Tasty Keys
I'm not one of those synesthetes, those freaks who associate colors or odors with certain notes or keys (and whom should probably just all be killed). Nevertheless, like a lot of people (perfectly normal, healthy people who deserve to be allowed to live) I do feel each musical key naturally "harmonizes" with a certain emotional state. Even the tin-eared Nigel Tufnel knew that D-minor was the saddest of all keys.
Assigning boy band archtypes to the various keys would be really stupid. Nevertheless, I'm not going to do it. Instead, I offer this list. Others are urged to add their own opinions. Please don't take this too seriously; like almost everything I write here, it is offered as a stimulus for real thinking.
A final note: my opinions are heavily influenced by my main instrument, which is the voice. Singers have long noticed that certain notes are difficult for various voices to keep in tune. Choirs find certain keys problematic because of certain notes which predominate.
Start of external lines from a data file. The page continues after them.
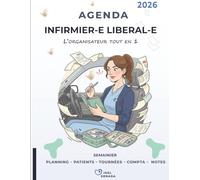 Agenda Infirmier-e Libéral-e: L'organisateur tout-en-un |1 semaine sur 2 pages | 5 à 22 h du Lundi au Dimanche avec Suivi des RDV Patients, Kilométrage, CA & Comptabilité et +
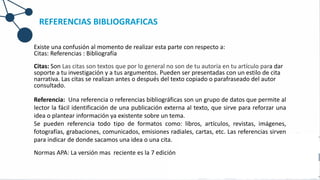 REFERENCIAS BIBLIOGRAFICAS
Existe una confusión al momento de realizar esta parte con respecto a:
Citas: Referencias : Bibliografía
Citas: Son Las citas son textos que por lo general no son de tu autoría en tu artículo para dar
soporte a tu investigación y a tus argumentos. Pueden ser presentadas con un estilo de cita
narrativa. Las citas se realizan antes o después del texto copiado o parafraseado del autor
consultado.
Referencia: Una referencia o referencias bibliográficas son un grupo de datos que permite al
lector la fácil identificación de una publicación externa al texto, que sirve para reforzar una
idea o plantear información ya existente sobre un tema.
Se pueden referencia todo tipo de formatos como: libros, artículos, revistas, imágenes,
fotografías, grabaciones, comunicados, emisiones radiales, cartas, etc. Las referencias sirven
para indicar de donde sacamos una idea o una cita.
Normas APA: La versión mas reciente es la 7 edición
Perhaps the worst key for choirs is F major; choir directors frequently transpose an a cappella piece in F up a half step, since it is in danger of transposing itself up (or more often, down) a half step on its own.
| C major | classical | A minor | pure | |
| G major | wholesome | E minor | lonely, remote, ancient | |
| D major | optimisitc | B minor | serious | |
| A major | happy | F sharp minor | noble | |
| E major | lyrical | C sharp minor | desperate | |
| B major | frenetic | G sharp minor | really desperate | |
| F sharp major | manic | D sharp minor | who the heck writes music in D sharp minor? | |
| C sharp / D flat major* | gorgeous, complex | B flat minor | romantic | |
| A flat major | elegant | F minor | something between romantic and pedantic: call it prodamtic! No - call it Wagner! | |
| E flat major | earnest | C minor | pedantic | |
| B flat major | clumsy | G minor | stolid | |
| F major | it barks | D minor | on the sadness scale, this one goes to eleven |
*I recall reading somewhere that Scriabin, the crazy synesthete (who probably just should have been killed) would reportedly go violently nuts at the suggestion that C sharp major and D flat major were the same key. Scriabin, dude. I hope they had paper bags in Russia a hundred years ago, because you really needed to breathe into one for a while.
Umie the Umlaut says, "ask your doctor about the Fredösphere!"

3 Comments:
Why "freak"? That makes no sense whatever.
When you think about it, ever since Bach and the Well-Tempered movement, every key is exactly like any other key. Transpose from b-flat minor to g-sharp minor, and unless you have perfect pitch (or almost-perfect), you can't tell the difference. (Unless, as a singer, you try to hit the high notes.)
The frequency of every note is 1.05xxx times the frequency of the note below it (twelfth root of 2).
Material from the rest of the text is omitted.